#### Work to complete:
Your answer must be an exact transcription of the data, with every picture omitted.

════════

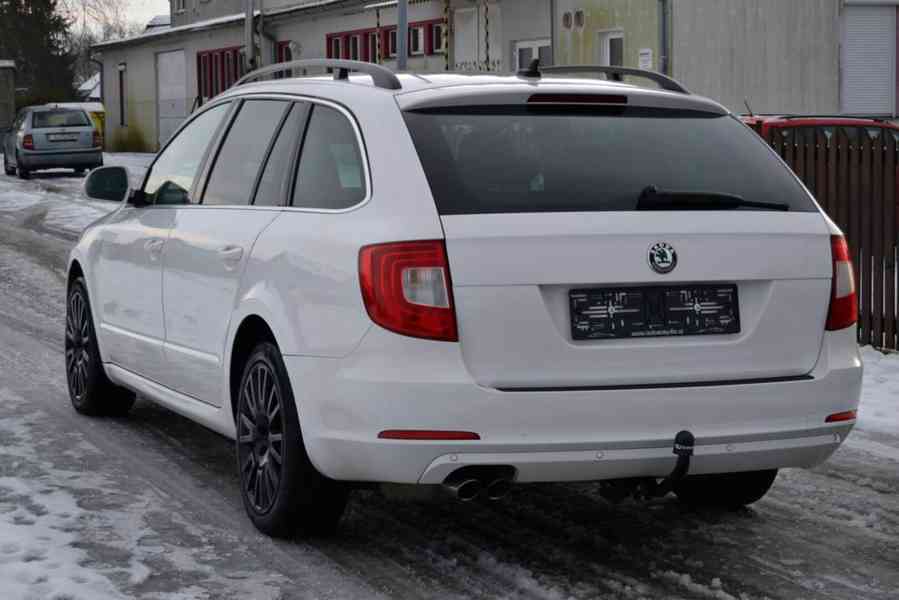 Škoda Superb 2.0 TDI 103kW Ambition kombi - foto 2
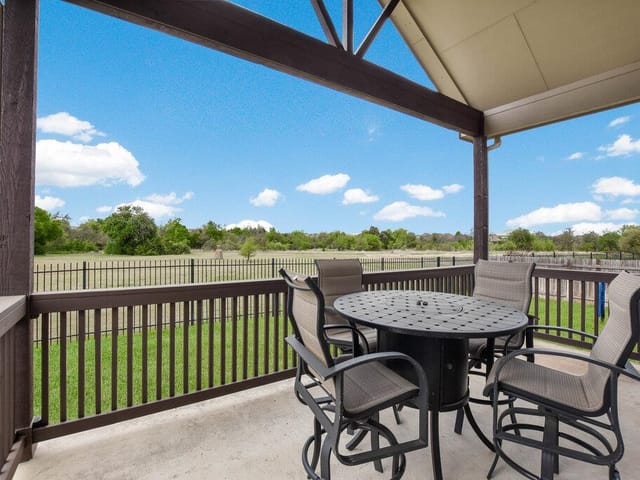 521 Middle Brook DR
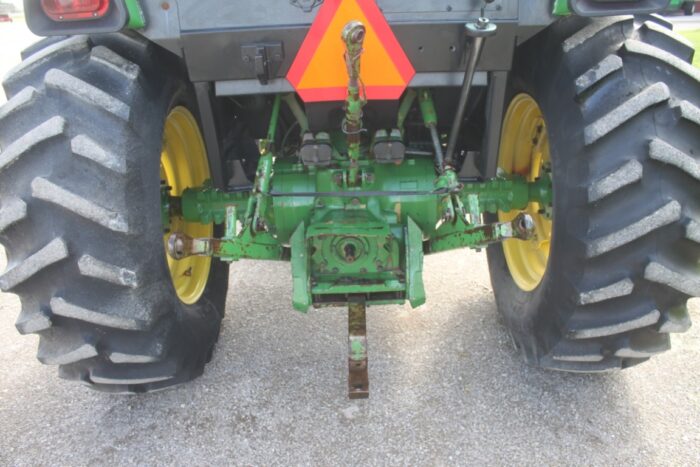 JD 2750 2wd tractor, cab, air, hi/lo, 18.4x30, 2 remotes, 5740 hours - Image 9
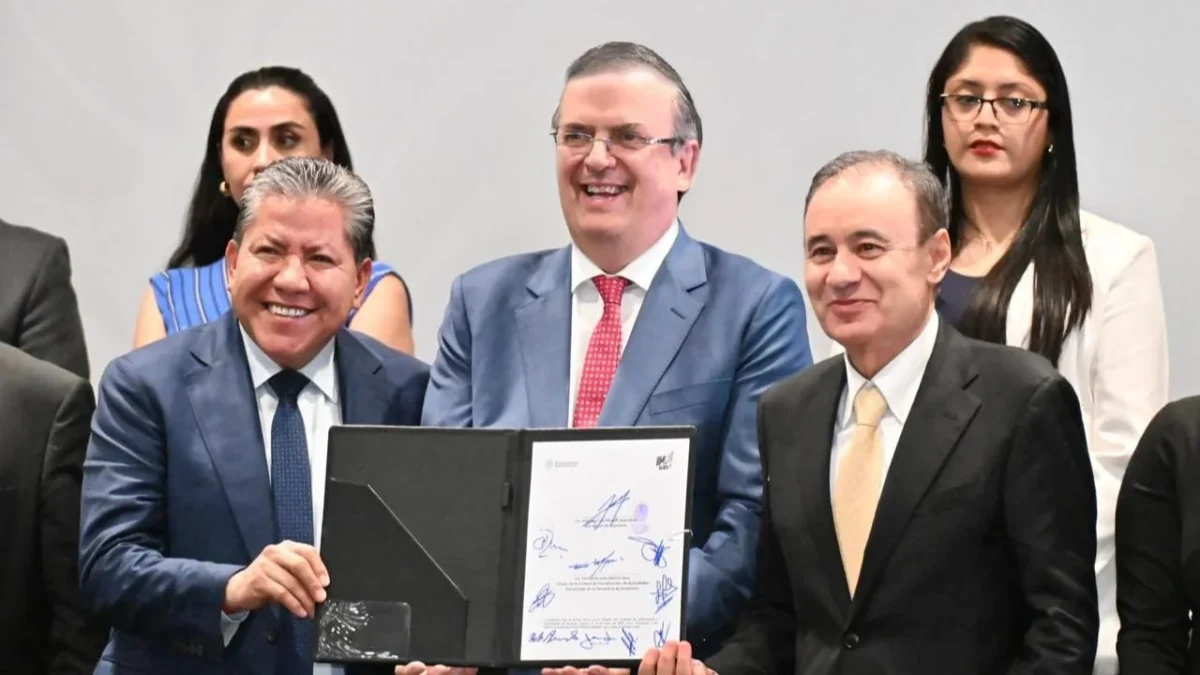 Alfonso Durazo participó en la firma de convenio para la creación del Comité Educativo de Minería México 2025, como parte del Plan Sonora.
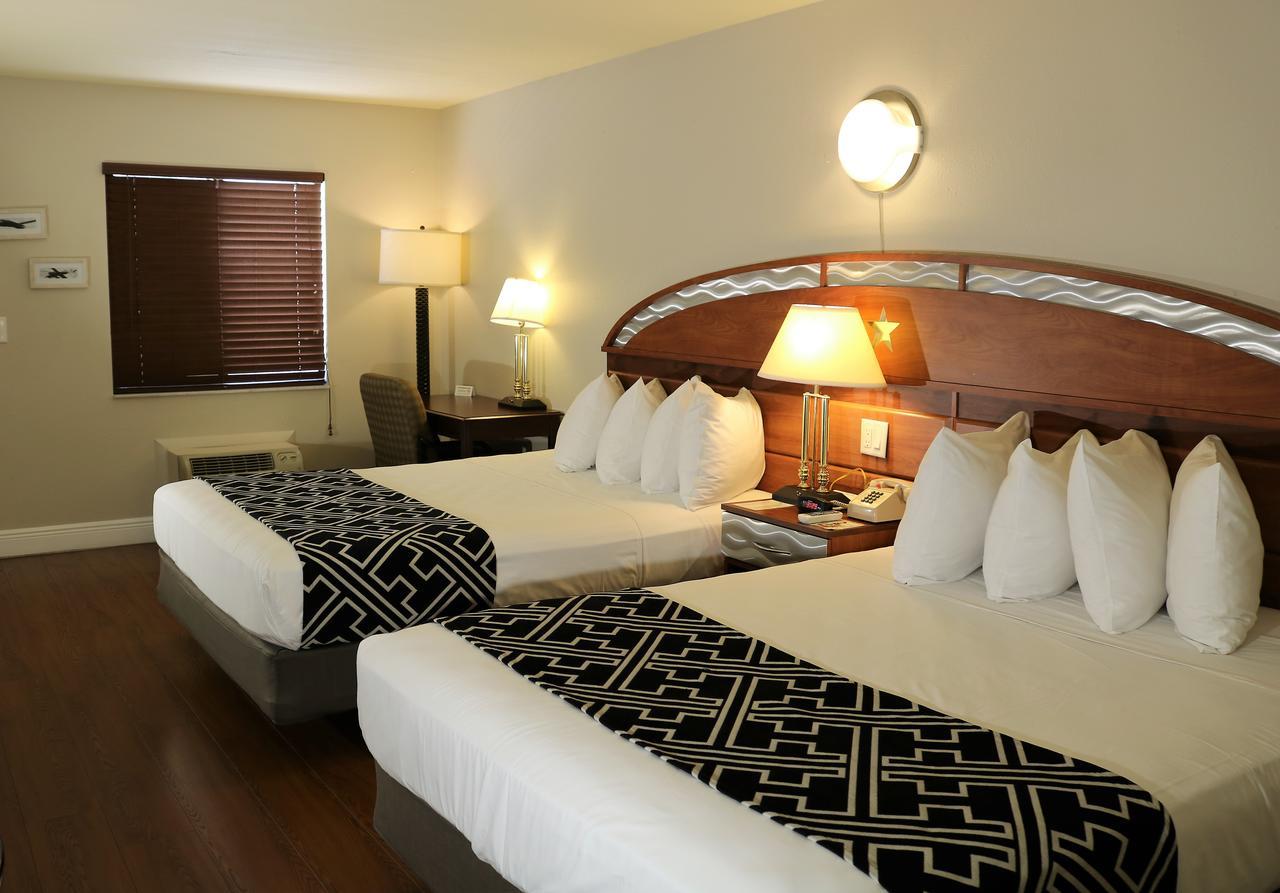 Monte Carlo Inn- Near Disney Киссимми Экстерьер фото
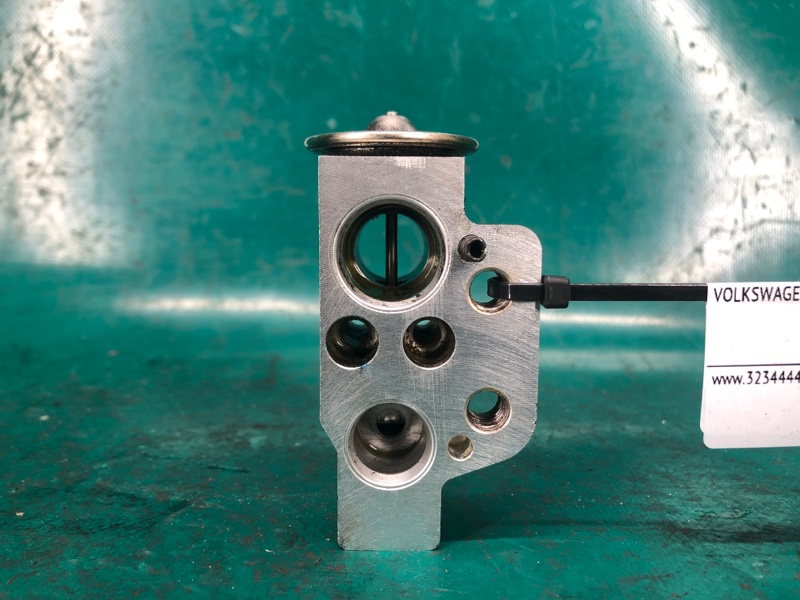 Клапан кондиционера PASSAT B7 11-15 11/2011 CBTA 2.5L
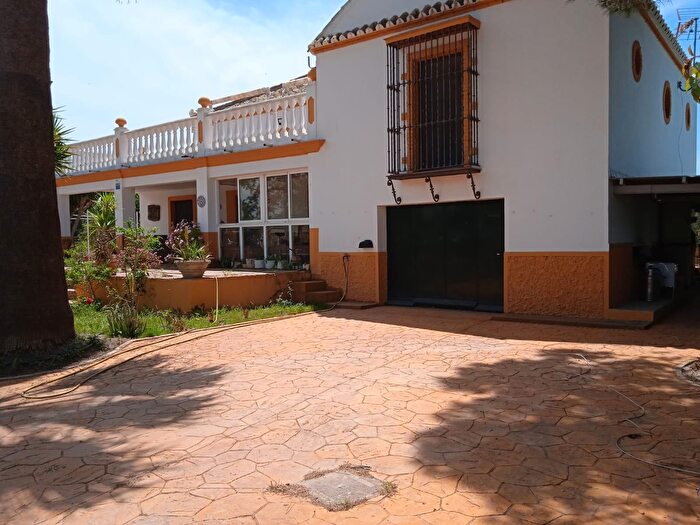Casa en venta en Morón de la Frontera, Sevilla de 4 habitaciones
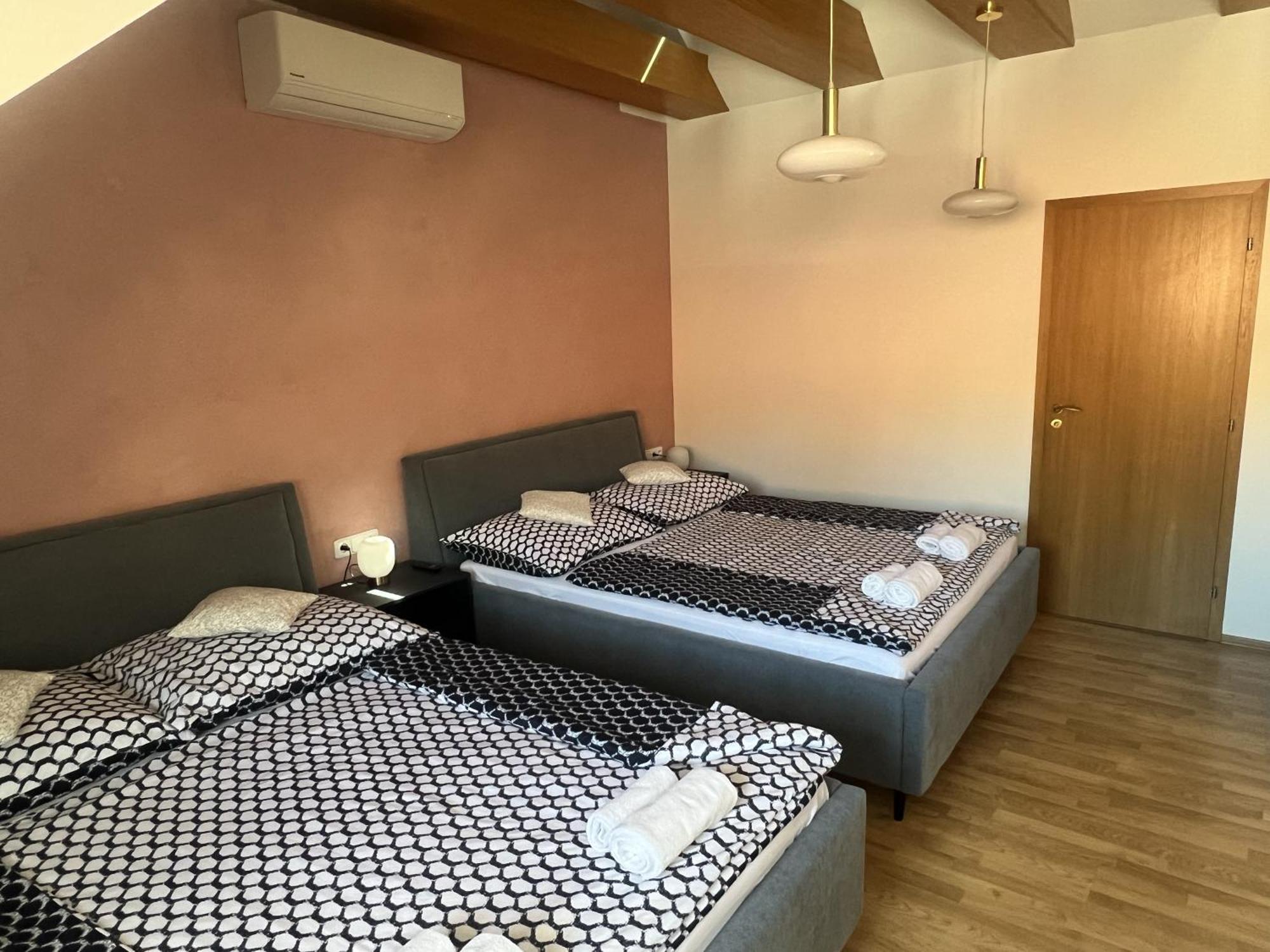 Pension Mikulov Esterno foto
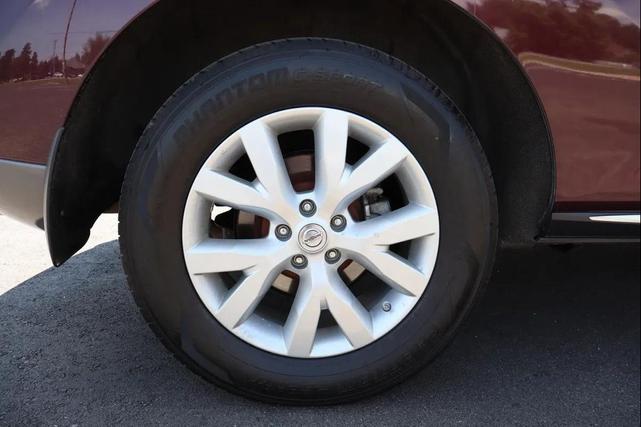 Photo of 2013 Midnight Garnet Nissan Murano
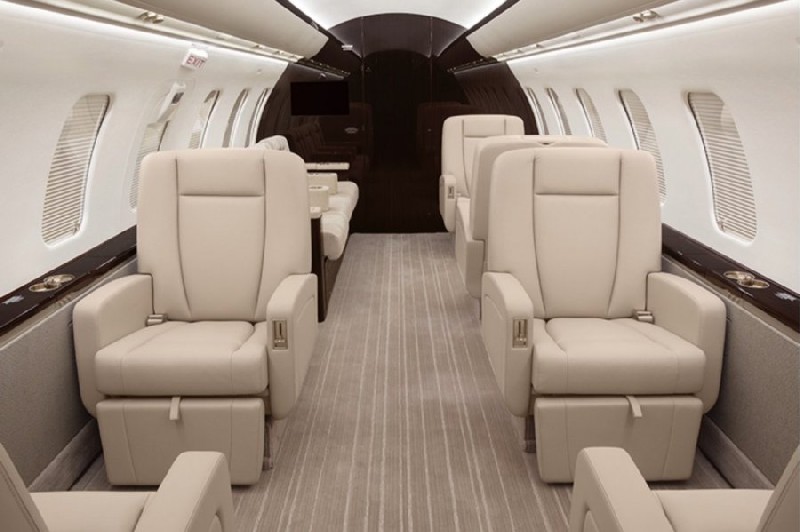 фото частного самолета Bombardier Challenger 605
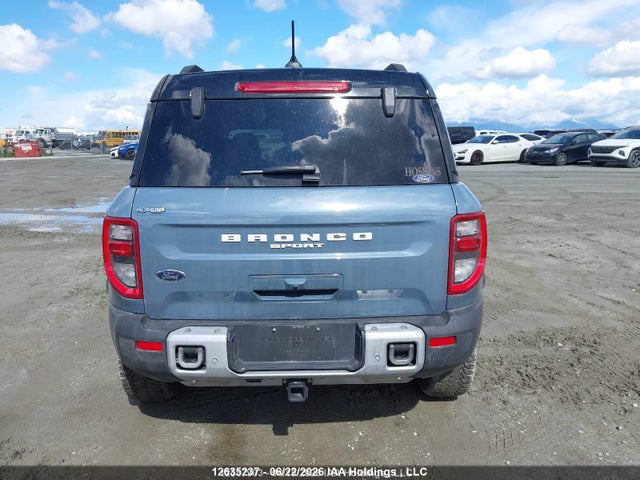 2025 Ford Bronco Sport Outer Banks მანქანა იყიდება აუქციონზე, vin: 3FMCR9CN5SRF20174, აუქციონის ნომერი: 12635237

════════

#### Response to the exercise:
 Škoda Superb 2.0 TDI 103kW Ambition kombi - foto 2
 521 Middle Brook DR
 JD 2750 2wd tractor, cab, air, hi/lo, 18.4x30, 2 remotes, 5740 hours - Image 9
 Alfonso Durazo participó en la firma de convenio para la creación del Comité Educativo de Minería México 2025, como parte del Plan Sonora.
 Monte Carlo Inn- Near Disney Киссимми Экстерьер фото
 Клапан кондиционера PASSAT B7 11-15 11/2011 CBTA 2.5L
Casa en venta en Morón de la Frontera, Sevilla de 4 habitaciones
 Pension Mikulov Esterno foto
 Photo of 2013 Midnight Garnet Nissan Murano
 фото частного самолета Bombardier Challenger 605
 2025 Ford Bronco Sport Outer Banks მანქანა იყიდება აუქციონზე, vin: 3FMCR9CN5SRF20174, აუქციონის ნომერი: 12635237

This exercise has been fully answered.